- [Try it]
Copy every line of the material below exactly.

- [Source material]
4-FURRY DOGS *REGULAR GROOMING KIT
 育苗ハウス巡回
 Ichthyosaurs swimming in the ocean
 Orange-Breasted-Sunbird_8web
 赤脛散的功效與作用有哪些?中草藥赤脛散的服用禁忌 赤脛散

- [Reply to the exercise]
4-FURRY DOGS *REGULAR GROOMING KIT
 育苗ハウス巡回
 Ichthyosaurs swimming in the ocean
 Orange-Breasted-Sunbird_8web
 赤脛散的功效與作用有哪些?中草藥赤脛散的服用禁忌 赤脛散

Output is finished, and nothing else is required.